I’ve been sitting with them ever since.
These days P. likes to embarrass me by introducing me to people as “their star pupil”, when, really, the truth is that they – alongside the rabbis and my fellow J-Preppies – have been star teachers; have been people I have learned and continue to learn so, so much from. I have been exceptionally fortunate to have been befriended by long-standing members of the congregation as well as newbie J-Prep students, allowing me to not only stand on the sidelines, but to feel genuinely part of the congregation and synagogue life. A true blessing.
This past year has been a big year of learning, of spiritual growth and understanding, yet at the same time I firmly maintain that my Jewish journey did not start with the J-Prep course, nor will it end with it. Certainly, this year has been different to any other year, and my life has been truly enriched by it, but rather than seeing the meeting with the Beit Din and the formal conversion as the end goal, I feel that it marks the end of the beginning of my Jewish journey.
I came to the J-Prep course having never lit Shabbat candles, never made Kiddush, never affixed a mezuzah and so forth; I had a very bookish understanding of what Judaism is. I now feel that I have much deeper insight into what it really means to be Jewish, and have discovered that the things I had connected with prior to J-Prep; my faith in the one true God, the Torah as a religious compass and so on – all the things that had brought me to the J-Prep course in the first place – have held true for me and haven’t changed. But, I now also know and appreciate that Judaism offers so much more on top of that. I have discovered that many of the core principles of Judaism hold the same moral values as those passed down to me by my parents; the pursuit of justice, championing democracy, being generous to those less fortunate and being open to those different to myself.
I have been struck by the strong sense of community, the constant strive to make informed choices and decisions – even the freedom to challenge the texts we’ve studied – and they have all added a whole new dimension to my life and to the way I think about faith and religion.
Being Jewish means, especially this time of the year, to stop and reflect introspectively, to take a long, hard and truly honest look at what I can do to better this world through bettering myself. It means doing that very difficult thing; asking forgiveness. From God, from my friends, sometimes even my enemies, and, maybe the hardest thing of all; forgiving myself for those times when I have let myself down. To, rather than simply berating myself for my shortcomings, accepting that I am not perfect and never will be, but also recognising that I have been given the blessing of making a different choice in the future.
Even my choice of Hebrew name – Emunah אמונה – serves as a reminder to keep faith in my mind and to remain faithful, not just through words, but through actions and deeds; through actively doing what I can to help heal this very precious and beautiful world we have been given, whether it be through choosing Fairtrade products over products of unknown origin, making sure I recycle things rather than just binning them, or through taking on an active role in the setting up of a refugee drop-in centre rather than leaving it for Mr & Mrs Someone Else to do.
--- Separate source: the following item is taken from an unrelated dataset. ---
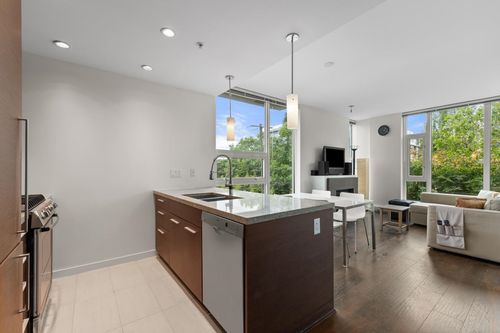 302-2528 Maple St, Vancouver, BC, V6J0B5 | Card Image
It is a reminder that it’s not enough to just tell people that I am now Jewish. I need also recognise for myself and demonstrate to others that I am Jewish not only when I attend service or say my prayers, light my Shabbat candles or study Torah (all of which are, of course, integral parts of living a Jewish life), but that I am living Judaism in all aspects of my life.
To formally convert to Judaism is the difference between looking at someone else’s photograph album and being alive and present in the very moment that snapshot is taken.
Being Jewish is not just an adjective, it is also a verb.”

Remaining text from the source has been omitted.